Anreise Freitag 3.6.2011
Die Anreise nach Milano erfolgte am Freitag 3.6.2011 via Luzern > Gotthard >
Chiasso > Milano staufrei. Wir haben bewusst den Anreisezeitpunkt auf 2 Tage vor
Rennbeginn gelegt, damit wir uns gemütlich anklimatisieren konnten und wir nicht
durch etwaigen Reisestress am Renntag negativ beeinflusst würden.
Bei der Ankunft im Hotel NH Milanofiori stellten wir fest, dass diese Gedanken
sehr viele andere Rennteilnehmer aus aller Welt auch hatten. Auffallend viele
Auto-Nummernschilder der Länder Belgien und Niederlande waren zu sehen. Jedoch
noch mehr aufgefallen waren die auf den Autos befestigten Rennmaschinen sowie
die dazugehörigen "Piloten" - Carbon und HighTech soweit das Auge reicht,
braungebrannte glatt rasierte Sprinterwaden in der Dicke ausgewachsener
Karnickelbäuche. Da schoss mir erstmals der Gedanke durch den Kopf "Bist Du hier
wohl wirklich richtig....was hast du nur gemacht...."?

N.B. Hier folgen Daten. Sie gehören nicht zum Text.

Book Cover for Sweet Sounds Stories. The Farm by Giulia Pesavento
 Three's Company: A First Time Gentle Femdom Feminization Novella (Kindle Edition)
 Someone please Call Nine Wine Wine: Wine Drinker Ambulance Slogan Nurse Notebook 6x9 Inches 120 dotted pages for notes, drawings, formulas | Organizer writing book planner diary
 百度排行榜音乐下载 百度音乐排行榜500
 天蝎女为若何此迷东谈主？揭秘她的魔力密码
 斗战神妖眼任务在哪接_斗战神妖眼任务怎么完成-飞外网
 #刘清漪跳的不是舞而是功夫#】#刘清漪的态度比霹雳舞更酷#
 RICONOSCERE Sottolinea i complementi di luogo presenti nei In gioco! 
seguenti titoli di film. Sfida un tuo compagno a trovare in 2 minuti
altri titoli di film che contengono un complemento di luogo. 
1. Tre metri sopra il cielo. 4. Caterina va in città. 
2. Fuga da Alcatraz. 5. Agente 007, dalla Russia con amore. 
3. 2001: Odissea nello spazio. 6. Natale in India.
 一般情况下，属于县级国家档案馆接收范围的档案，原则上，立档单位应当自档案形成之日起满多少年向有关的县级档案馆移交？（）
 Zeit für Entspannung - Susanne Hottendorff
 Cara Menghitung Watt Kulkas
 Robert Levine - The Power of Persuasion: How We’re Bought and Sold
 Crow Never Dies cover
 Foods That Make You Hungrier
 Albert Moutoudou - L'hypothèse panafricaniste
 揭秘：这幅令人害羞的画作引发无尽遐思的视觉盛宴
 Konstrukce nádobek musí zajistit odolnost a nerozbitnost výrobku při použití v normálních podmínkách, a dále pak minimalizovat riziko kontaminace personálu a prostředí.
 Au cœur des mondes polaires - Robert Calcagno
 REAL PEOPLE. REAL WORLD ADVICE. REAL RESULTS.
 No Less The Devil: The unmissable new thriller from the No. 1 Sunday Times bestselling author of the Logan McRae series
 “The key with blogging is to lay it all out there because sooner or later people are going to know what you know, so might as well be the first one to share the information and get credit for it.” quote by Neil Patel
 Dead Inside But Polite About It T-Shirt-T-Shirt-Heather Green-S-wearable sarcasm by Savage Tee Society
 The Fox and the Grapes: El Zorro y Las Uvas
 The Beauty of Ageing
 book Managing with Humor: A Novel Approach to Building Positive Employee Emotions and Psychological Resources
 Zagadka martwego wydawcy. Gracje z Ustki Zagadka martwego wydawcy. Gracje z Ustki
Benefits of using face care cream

Kurze Zeit nach dem Einchecken hat Michel Ritter, infolge seiner bereits
gesammelten Rennerfahrung, die für Ihn wichtigsten offenen Punkte/Abklärungen
erledigt haben wollen > Ort Startnummernausgabe, Ort Start, Ort Frühstück vor
dem Rennen etc. Nach Abklärung dieser Punkte begaben wir uns mit unserer
Begleitwagenfahrerin Barbara in das nahe gelegene riesige Einkaufcenter. Trotz
der zahlreichen Schuhläden verliessen wir dieses Einkaufscenter nur mit 24 Liter
Mineralwasser um unsere Bidons zu füllen. Bei einem anschliessenden Einrollen
inspizierten wir die ersten 10 km der Rennstrecke bei sehr schwülen
Temperaturen. Ich hatte sehr Mühe richtig Luft zu bekommen (dies auf nur 10
km!!!)...da waren Sie wieder meine Gedanken "..wie willst Du bloss diese 295 km
schaffen wenn Du schon nach 10 km fast keine Luft mehr hast"? Am Abend dann
ging’s ins nahe gelegene Restaurant im Areal des Kinos. Bei einem Glas Wein und
viel Pasta wurde vorwiegend über das Rennen gesprochen. So gegen 22.30 war dann
Bettruhe angesagt, leider hatte ich diese Nacht sehr wenig Schlaf gefunden, zu
oft kreisten meine Gedanken um das Rennen herum.
Samstag 4.6.2011
Nach einem ausgiebigen Frühstück in einem mit Radsportlern völlig überfülltem
Frühstücksraum, ging’s so gegen 09.30 Uhr zur Startnummernausgabe, welche direkt
im Nebentrakt des Hotels statt fand. Davor bildeten sich teilweise im Regen
schon lange Schlangen von Radlern, welche je nach Ihrer zugeordneten Startnummer
(welche zuvor an aufgemachten Blättern abgelesen werden musste), sich in die
entsprechende Schlange stellen mussten. Lustigerweise führten dann diese
getrennten Schlangen zu ein und der selben Eingangstüre, wo ein Mitglied des
UCSANREMO die Radler zum Einlass selektierte...Stichwort "Organisation Italia"...:-))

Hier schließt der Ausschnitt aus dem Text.